Grynszpan, ya nos lo adelanta el autor del libro en
el prefacio, Stephen Koch, había sufrido la tragedia de haber perdido a su
familiares, que como tantos de miles de judíos polacos habían sido deportados
de su Alemania natal. El diplomático falleció al cabo de dos días, y Hitler y
Goebbels usaron tal acontecimiento para reforzar su impronta supremacista; se
convirtió el ataque a la embajada en un pretexto para que se desencadenara «la
gran ola de violencia y terror antisemita patrocinada por el Estado, que se conocería
más tarde como “Kristallnacht” (Noche de los cristales rotos), el pogromo que muchos
consideran el detonante del Holocausto». Así, este muchacho furioso por el
devenir de sus seres queridos y con ansias vengativas, de un día para el otro
se hizo célebre, pues su cara apareció en los periódicos. Pero no todo acabó
ahí, pues Grynszpan también tuvo un papel destacado, pese a estar confinado en
una cárcel, nada menos, en la Segunda Guerra Mundial.
Duelo de ingenio
Koch nos desvela tal cosa siguiendo la pista a este joven, que fue capturado con la caída de Francia y llevado a Berlín, donde pasó a ser prisionero de la Gestapo, al tiempo que se iba elevando como una figura de resistencia frente al opresor. De hecho, su situación trascendió y una periodista muy conocida en la época por su vehemencia antinazi, llamada Dorothy Thompson –la primera periodista estadounidense en ser expulsada de Alemania por los nacionalsocialistas–, puso todo su empeño para contratar a los mejores abogados franceses que pudieran evitar el juicio y segura sentencia de muerte a Grynszpan. Y entonces empezó un enredo digno de una novela, carne de película: «Se sucedieron los rumores de carácter sexual y político a su alrededor», pues se lanzó la hipótesis de que él era homosexual, y el asesinato había surgido por un motivo pasional, lo cual al final usó Grynszpan para tumbar las acusaciones de los nazis, con todo su conjunto de conspiraciones paranoicas; una idea que Goebbels reconocería muy insolente pero a la vez inteligente. Por otro lado, «los alemanes lo acusaron de ser un agente británico. Algunos antinazis influyentes sospechaban que era un agente de la Gestapo y que su misión era provocar la “Kristallnacht”», apunta el historiador.

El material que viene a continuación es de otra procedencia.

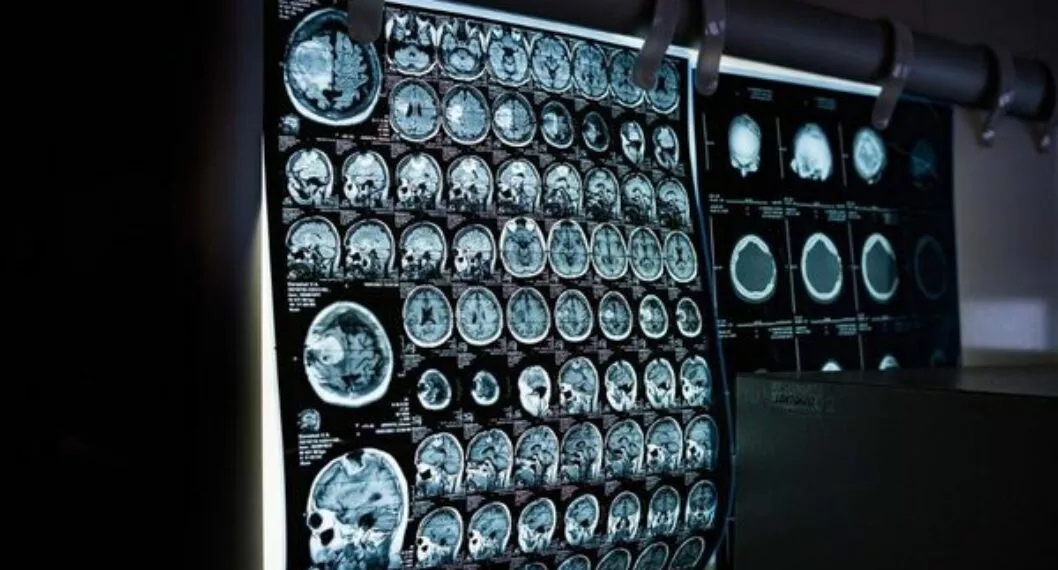 Imagen de una tomografía, a propósito de cómo guarda el cerebro sus memorias mientras duerme, según científicos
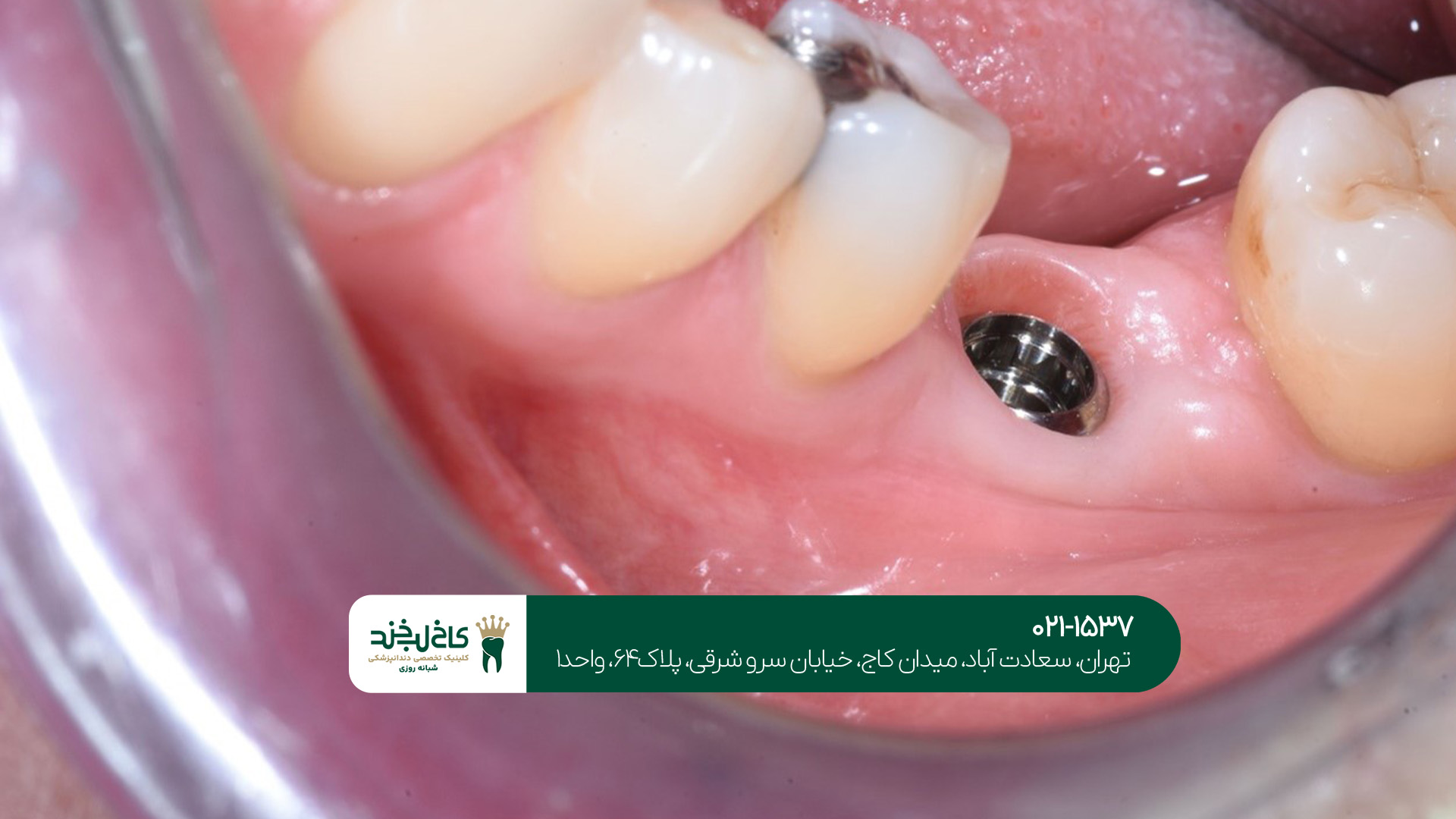 مهمترین نکات مراقبتی بعد از ایمپلنت دندان مهمترین نکات مراقبتی بعد از ایمپلنت دندان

La idea de que los judíos eran los instigadores de la guerra, y que la mecha de todo la había prendido Herschel, siguió en mente para Hitler, y el apresado percibió que estaba siendo usado para sus fines propagandísticos, hasta el punto de que Koch califica de un “duelo de ingenio” lo que se produjo entre el Führer y Goebbels y el muchacho, que buscó la forma de sabotear el juicio. Así, Grynszpan pasó el resto de su vida en custodia alemana, en prisión primero y luego en dos campos de concentración, en un búnker reservado a «prisioneros especiales», que compartía con el canciller de Austria, Kurt Schuschnigg. Lo curioso es que Goebbels vio dificultades a la hora de juzgar a Grynszpan en Alemania por el hecho de haber cometido un crimen en territorio extranjero, y también por ser menor de edad en el momento del delito; estos dilemas se prolongaron durante los años 1940 y 1941, y al fin, sería acusado de traición, pero los acontecimientos impidieron que se celebrara el juicio, por la entrada de los Estados Unidos en la contienda y las derrotas germanas en el frente oriental cercano a Moscú. En última instancia, lo que siguió estaría inundado de misterios: diversos datos lo situaron con vida hasta en 1946, pero nada más se supo de él.